Así que la mayor conquista de la mujer moderna es la soledad. Y no ya la soledad por la calle, el derecho a ir sola, sino la dimensión profunda de esa soledad, la soledad consigo misma, el quedarse a solas. No era bien mirada la que andaba mucho a solas consigo misma. Andaba para santa o para perdida Madame Bovary es dama de soledad. Madame Bovary es solitaria antes y después de casada. Piensa demasiado, lee novelas, imagina cosas. Acaba en el adulterio y la muerte. Su primer pecado es la soledad. Si Proust nos da en su obra la mujer-metáfora y la mujer-exceso, dos tipos característicos de la feminidad moderna, Flaubert, un poco antes, nos ha dado el otro arquetipo femenino de nuestro tiempo: la mujer-soledad. La mujer que está radicalmente sola.

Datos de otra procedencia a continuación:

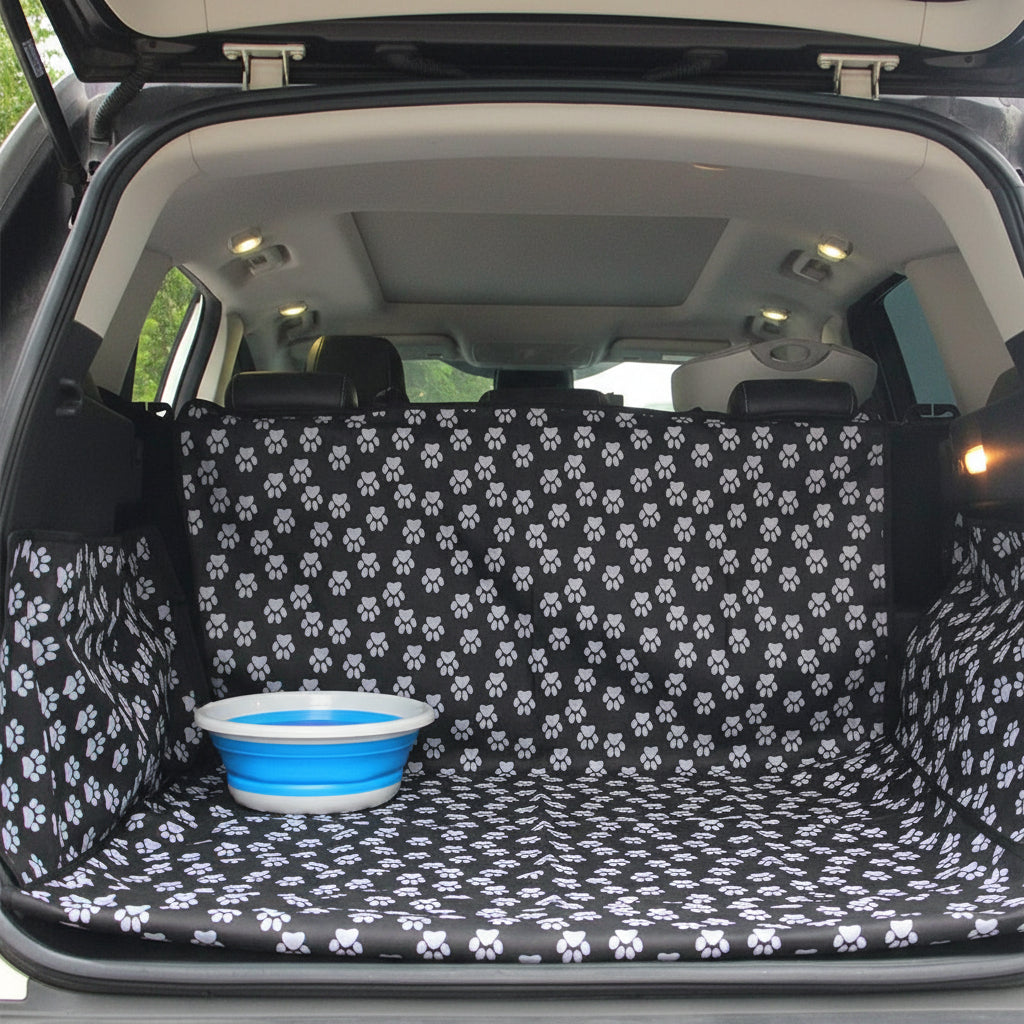 Car trunk with a black and white paw print cover and a blue bowl inside.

Con el marido, con el padre, Madame Bovary ha preservado su soledad. La preserva incluso con los amantes. Madame Bovary es Flaubert, según la famosa confesión del autor, pero la soledad que Flaubert le insufla no es una soledad absolutamente masculina, su soledad de hombre, sino que (otra vez la autometaforización creadora) esa soledad de último romántico es ya la primera soledad femenina moderna.

Madame Bovary, antes que Virginia Woolf, ha tenido su habitación propia, que ha sido toda la casa, habitada sólo por un fantasma de marido, por un espectro de hombre. Pero Madame Bovary no sabe qué hacer con su soledad.

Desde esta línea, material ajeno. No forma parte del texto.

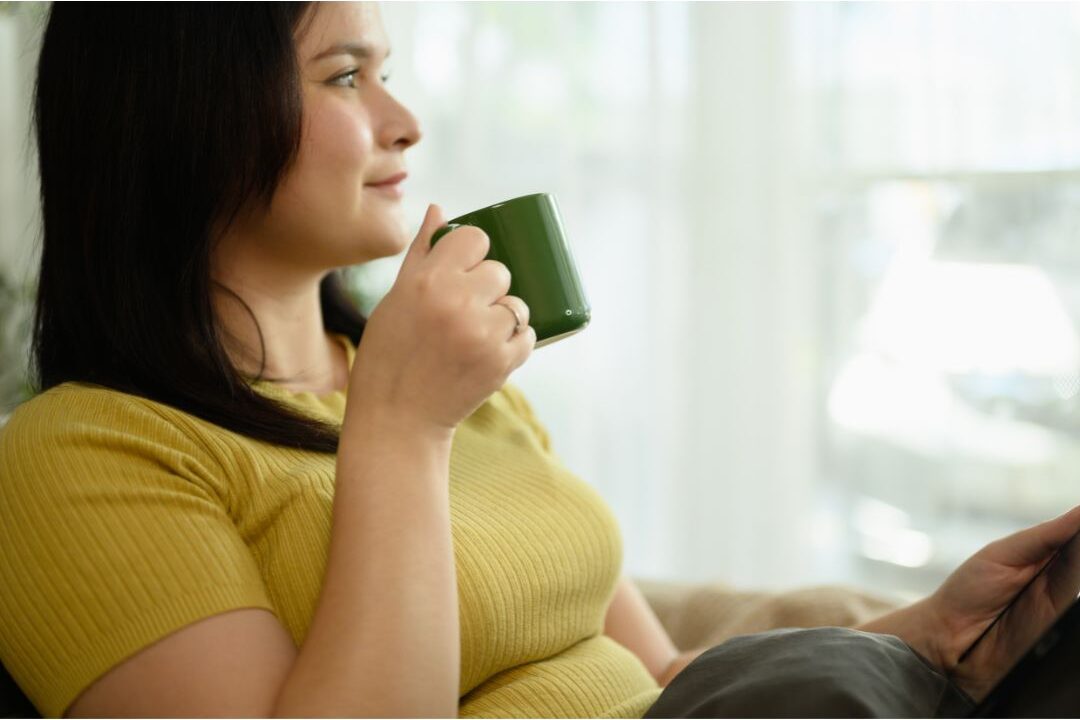 woman looking thoughtfully out window while holding warm mug showing emotional reflection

Virginia Woolf sí que lo sabe ya, o lo intuye. Y como ella todas las mujeres de la época y de después. Aunque hemos dicho que creen estar mimetizando al hombre, seguramente al hermano. Pero lo que les nace en la soledad abuhardillada de su cuarto es, naturalmente, una mujer. La conquista de la soledad ha sido importante para la mujer porque la soledad es el gran espejo, el espejo sin fondo, y ellas nunca se habían visto el alma de cuerpo entero, sino que sólo se habían visto la cara maquillada en los espejitos de mano. Sería humorístico decir que el hombre ha hecho más cosas que la mujer, en la historia, en la cultura, en la ciencia, porque ha tenido siempre una habitación propia. Pero sí es posible decir, en principio, que ha hecho más cosas porque ha tenido más soledad. Todavía para Santa Teresa su cuerpo era «un asnillo». Más que despreciarlo, con esta frase lo objetivaba, lo distanciaba. No tenía confianza con su cuerpo, no lo conocía. Pasaba del asnillo a la levitación. De un cuerpo animal, excesivamente pesado, a un cuerpo sideral, flotante. No paraba nunca en la realidad practicable y natural de su cuerpo. Dice alguien, glosando a Sartre, que el hombre es un animal hecho de libertad. Digamos que el cuerpo es un animal hecho de soledad. Eso, la soledad del cuerpo, la soledad de su cuerpo, es lo que no ha soportado nunca la mujer tradicional, y ha pasado de la condena del cuerpo, el asnillo, a la ignorancia del cuerpo, la levitación. Lo que al cuerpo le hace obsceno es su soledad En el desnudo colectivo de la playa pierde obscenidad porque pierde soledad. Nuestro cuerpo es el monumento a la soledad de nuestra alma.